In the end, a newspaper’s lifeblood is its circulation of readers. Without them, newspapers fade away into obscurity and go out of business. To represent this, each story in Extra! Extra! is worth a certain number of Circulation Points (CP). The player with the greatest number of Circulation Points wins the game. So assemble your team, grab the big stories, the best columns and be first to press, all while keeping your audience in mind, and you will take your place as one of the best newspaper editor in the world!

GTM #184 - Marvel Dice Masters: Age of Ultron
by WizKids/NECA

Coming this June, Marvel Dice Masters: Age of Ultron follows up on the successful releases of other titles in the Marvel Dice Masters line by bringing to the tabletop popular characters from the blockbuster film, The Avengers: Age of Ultron. For fans of previous Marvel Dice Masters games such as Avengers vs. X-Men and Uncanny X-Men, the Age of Ultron set will offer up a fresh new mix of characters and abilities to explore.

First, you’ll see a full compliment of new and returning Avengers into the fray. Debuting in the Age of Ultron set are popular characters Captain Marvel, Giant Man, Hyperion, Spider-Woman, and Thor. This Dice Masters release will also see the return of perennial favorites like Captain America, Black Widow, Hawkeye, and Hulk, amongst others. This set has an impressive lineup of Earth’s Mightiest Heroes, and each brings something new and different to the game, with several making use of the Teamwatch ability, which allows for advantages to teams that share affiliations.

Joining The Avengers will be the Guardians of the Galaxy. The classic Guardian Starhawk joins Star-Lord, Rocket Raccoon, Groot, Moondragon, and Gamora from the modern line-up of the team. One of the major advantages to playing the Guardians is that, frequently, the characters are all interdependent on each other, and affiliations play a major role in making characters that are already strong even stronger through their abilities. For example, the Uncommon Star-Lord from the set grants all attacking Guardians affiliated characters both +1A and +1D when he’s fielded.

Another team debuting in the set is the international peacekeeping force, S.H.I.E.L.D. Nick Fury, Agent Phil Coulson, and others are part of this release.  In Age of Ultron, WizKids is adding a full fleet of S.H.I.E.L.D. Hellicarriers as special “action” dice – all providing significant enhancements for teams – hero or villains - and all are truly powerful non-combat additions to your squad.

Villains appearing in the Marvel Dice Masters: Age of Ultron set include Baron Zemo,  The Enchantress, Kang the Conquerer, and Thanos, and rounding out our villains is Ultron, himself! These villains, and plenty more, make a formidable force to be reckoned with for their heroic counterparts.

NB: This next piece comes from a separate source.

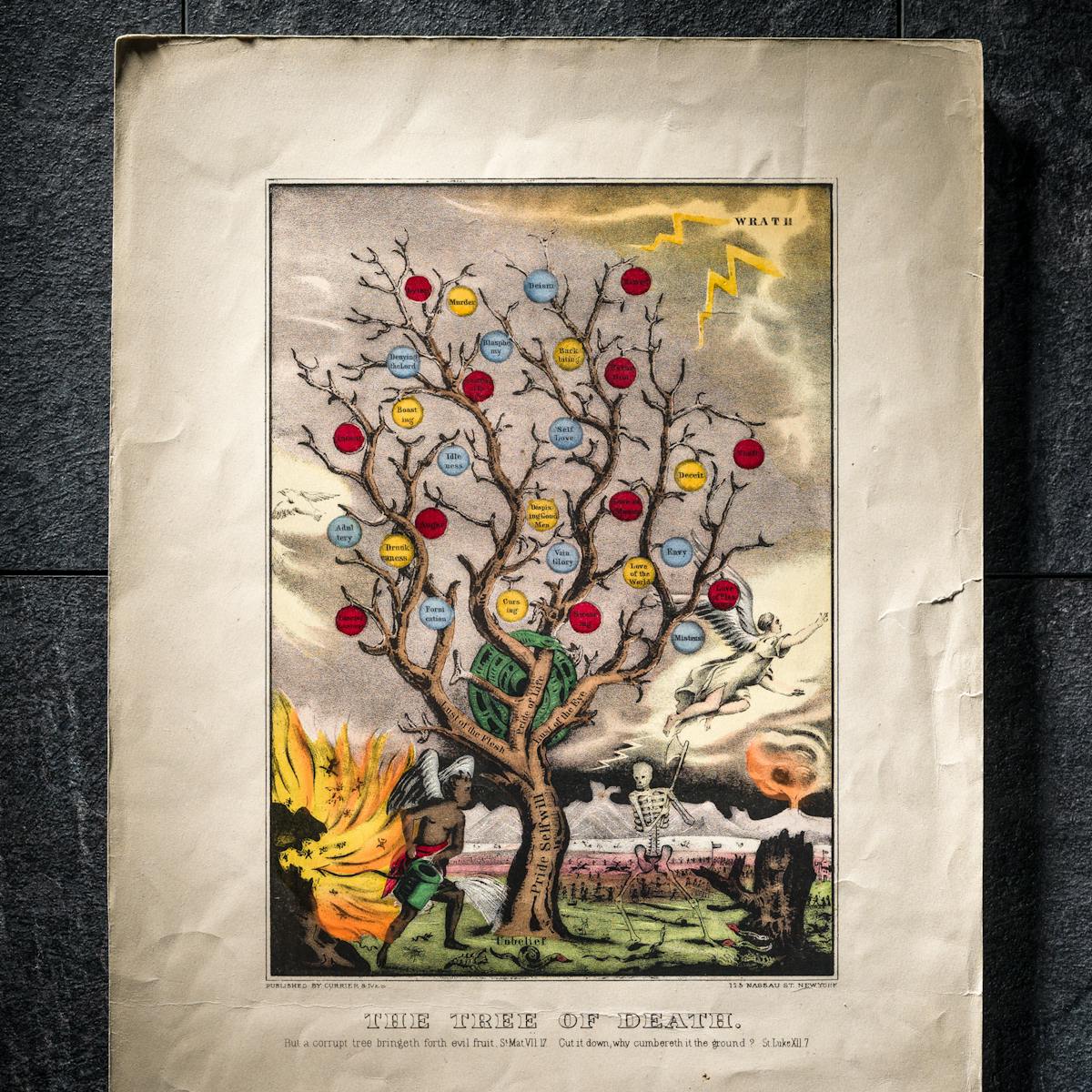 Photograph of a coloured lithograph showing a withered tree bearing apples labelled with sins; representing the life of sin c. 1870, after J. Bakewell.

There are still plenty of surprises in store for you when the Marvel Dice Masters: Age of Ultron set is released, so keep an eye out for more news as we approach the launch date.

GTM #183 - Designing Adventure Time Fluxx
by Andrew Looney

When Cartoon Network approached us about doing Fluxx variants based on some of their shows, I wasn’t very familiar with Adventure Time. I think I’d seen exactly one episode (It was "Wizard", as I recall.) So the first thing I had to do was to watch a bunch of cartoons! (I know, I have a tough job.)

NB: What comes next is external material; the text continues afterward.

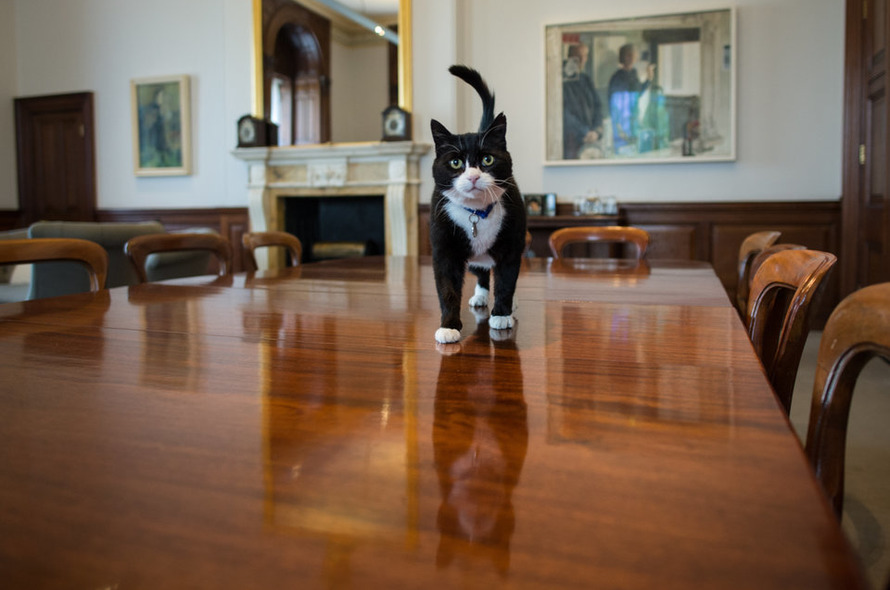 A few weeks later Kay answered a call to a loud voice, “Ms Nero here; I need Simon’s office. The Australian Foreign Minister is coming for trade talks next week & Simon must meet her. I must inspect his office today.” Kay did not relish meeting Palmerston’s biggest critic...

Obviously, I enjoyed Adventure Time, but I found myself drawn even more to the show that came on right afterwards: Regular Show. And since the first project I was supposed to work on was a mashup of many Cartoon Network shows, I needed to bone up on everything from the PowerPuff Girls to Gumball, so it took me awhile to work my way through the densely-packed weirdness that is Adventure Time.

As soon as I’d delivered a working prototype of the mashup-themed Fluxx, I started working on a standalone Adventure Time-themed Fluxx, since it’s easily the most popular of the shows I’ve been working with. However, I soon put that prototype on the back-burner and began focusing on a Regular Show version instead. Why? Because there were so many other new Adventure Time products in the works, and comparatively few for Regular Show. It just made more sense to go after the underserved market at first. And on a personal level, I myself had really gotten into Regular Show and was just as happy to do that one first. And I’m really glad it worked out that way, because my Adventure Time Fluxx design benefitted greatly from the extra development time.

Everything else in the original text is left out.